You alright? Yeah, yeah, I'm fine. Alright, we gotta get back
at this. There's still a lady
in there, guys. Joe, it's too hot! [ Indistinct talking ] [ Sighs ] How's the kid doing? He's good.
Yeah? Alright? Dad! Dad! Seamus. How many times have I told you
not to chase fire engines? And you brought
your little brother? How many times
have I told you? You know what's going on
here, huh? Get your can home
right now. Stay there until
I get back. Sorry, ma'am. The fire was huge. It was really big. Mm-hmm. I wonder
who that kid was. [ Whistles ] How many times have I told
you boys, huh? You don't chase fires.
You run away from them. You know a lady died
in that fire today? Who? An older lady who was
babysitting the rabbi's kid. She died. What were you doing
in that neighbourhood anyway? Huh? What, a couple of mutes? Alright, fine.
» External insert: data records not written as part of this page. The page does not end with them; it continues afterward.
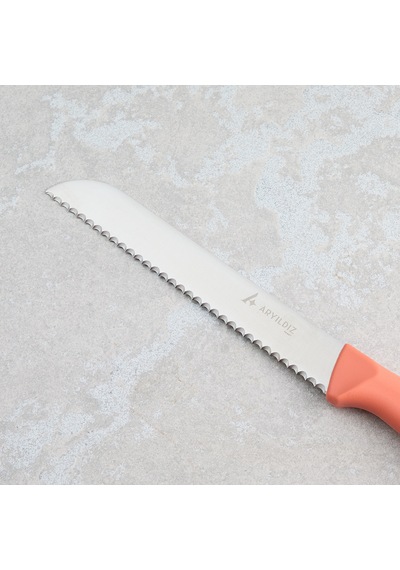 Aryıldız Rexa Tırtıklı Ekmek Bıçak Turuncu 19 Cm Renkli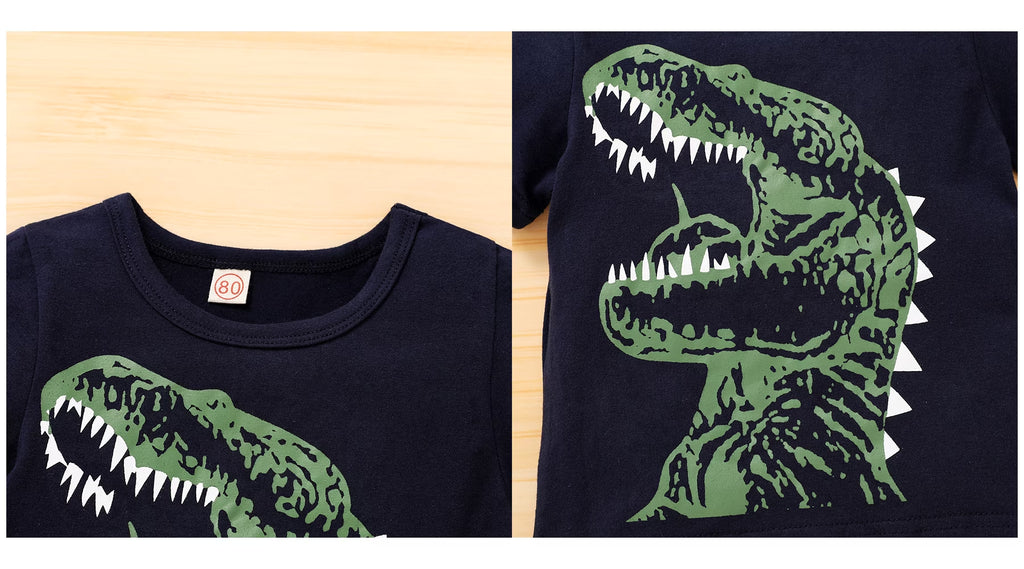 Baby Boy Summer Outfits Set Kid Dinosaur Short Sleeve T-Shirt Shorts Clothes Set for 5-6T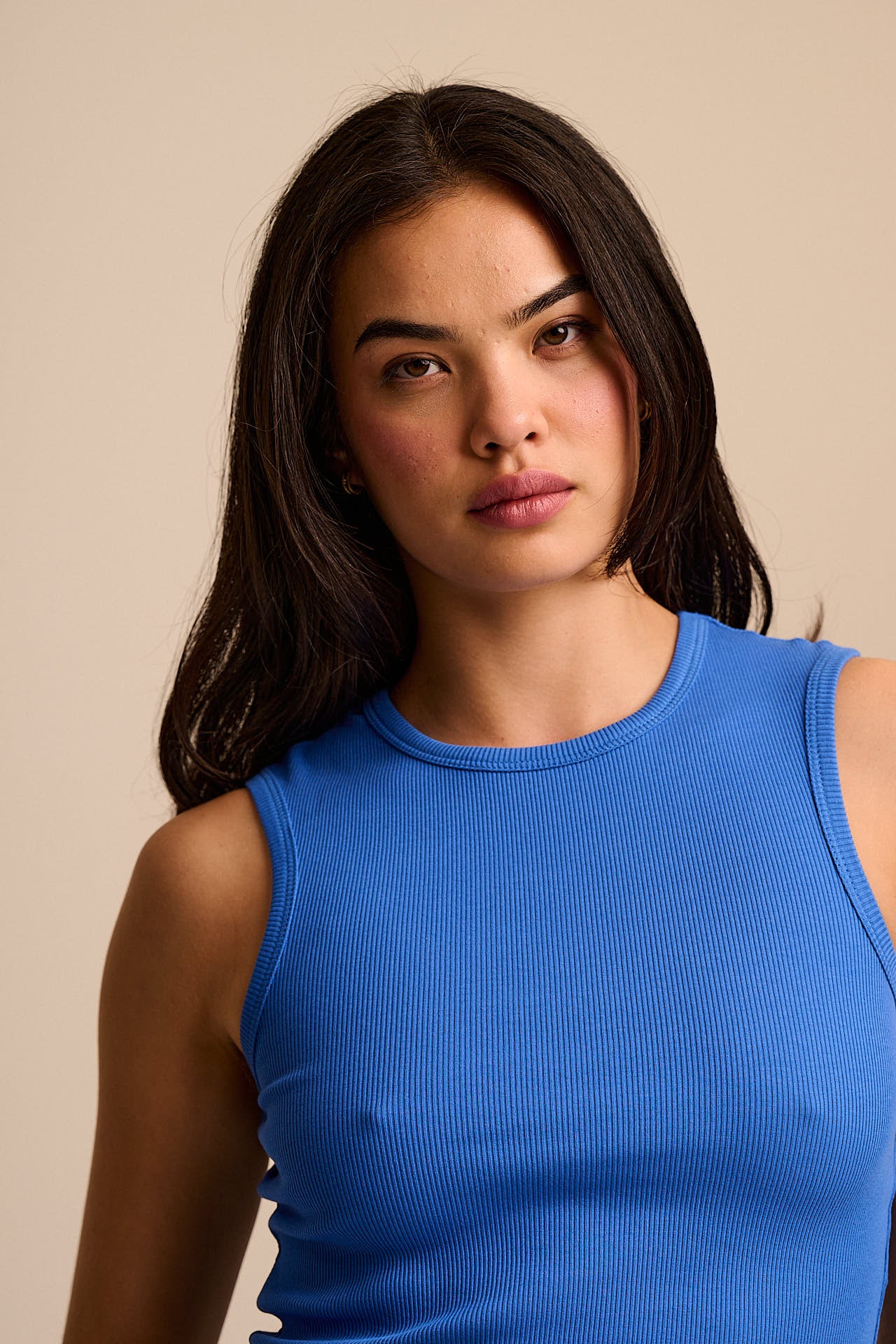 Rue - Cotton Rib Tank Top in Sapphire Blue - Image 2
You're both grounded. You do not leave
this block. If I find out either one
of you left this block, you will get a spankin' that you will still feel
on your 16th birthday. But the baseball field... [ Door opens, closes ] [ Crickets chirping ] Hey, what are you
doing up? Huh? I couldn't sleep. Dad, Seamus was
only in the area because he was
checking up on me. See, I'm -- I'm on my quest
to meet a Jewish person and help them get to Heaven. What are you talking
about? I don't even think Jewish people
believe in Heaven the way
you and I do. I asked Mom, and she said they could be
converted through Jesus. Well, I also asked
Father Kelly in Religion class. He said it's the role
of a good Christian. He said that? Mm-hmm. So, anyways, I've been going over to
the synagogue on Greenwood. You've been going over
to that synagogue? Yeah, I've been looking
for Jewish people there. Yeah, any Jews over there?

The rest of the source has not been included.